Przypomnijmy, że o takiej możliwości dyskutowano w parlamencie jeszcze w zeszłym roku, a także zabierała głos w tej sprawie, w okresie swojego rządzenia, była premier Kallas. Według ekspertów prawnych, należałoby w tym celu zmienić konstytucję. W marcu rząd nie poparł ustawy opozycyjnej partii "Ojczyzna" (Isamaa) dotyczącej wprowadzenia zakazu głosowania obywatelom Rosji i Białorusi w wyborach samorządowych.

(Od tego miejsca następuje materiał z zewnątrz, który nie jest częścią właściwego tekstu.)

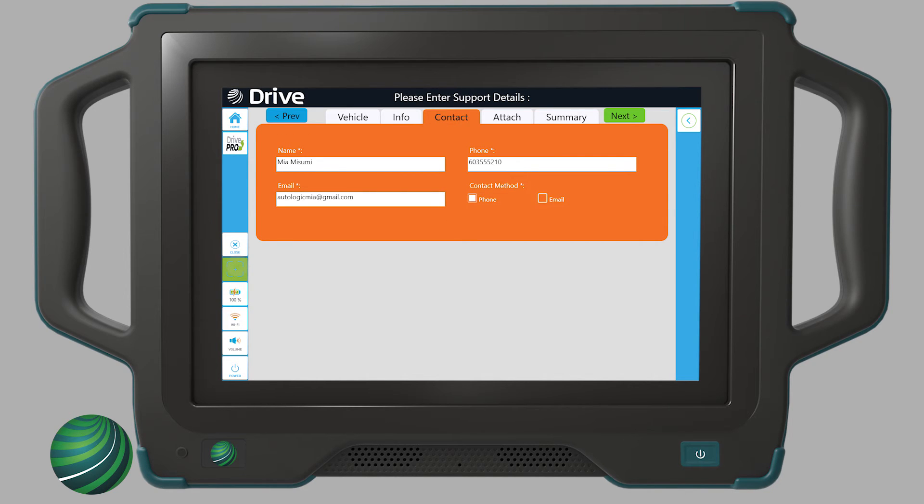Confirm the auto-filled contact information is correct. Update as needed, and then select Next.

„Partia Reform i mój osobisty pogląd jest taki, że prawo do głosowania w wyborach lokalnych powinno zostać odebrane obywatelom Rosji i Białorusi, ale zasadą koalicji jest to, że albo rzeczy są robione razem, albo nie ma koalicji”, powiedział premier Michal. Potwierdził, że SDE jest przeciwna planowi, ale przyszła koalicja może zawrzeć inne porozumienie. „Jeśli nie będziemy już w koalicji z socjaldemokratami, zagłosujemy za takim rozwiązaniem” - dodał. Z kolei minister spraw zagranicznych Margus Tsahkna z Eesti 200, powiedział, że jego partia nie zgadza się z SDE. „Do socjalistów należy decyzja, czy chcą, aby obywatele państwa-agresora głosowali w Estonii, czy nie. W tej chwili uważają, że mogą wybierać. My mamy zupełnie inny pogląd” - powiedział Tsahkna.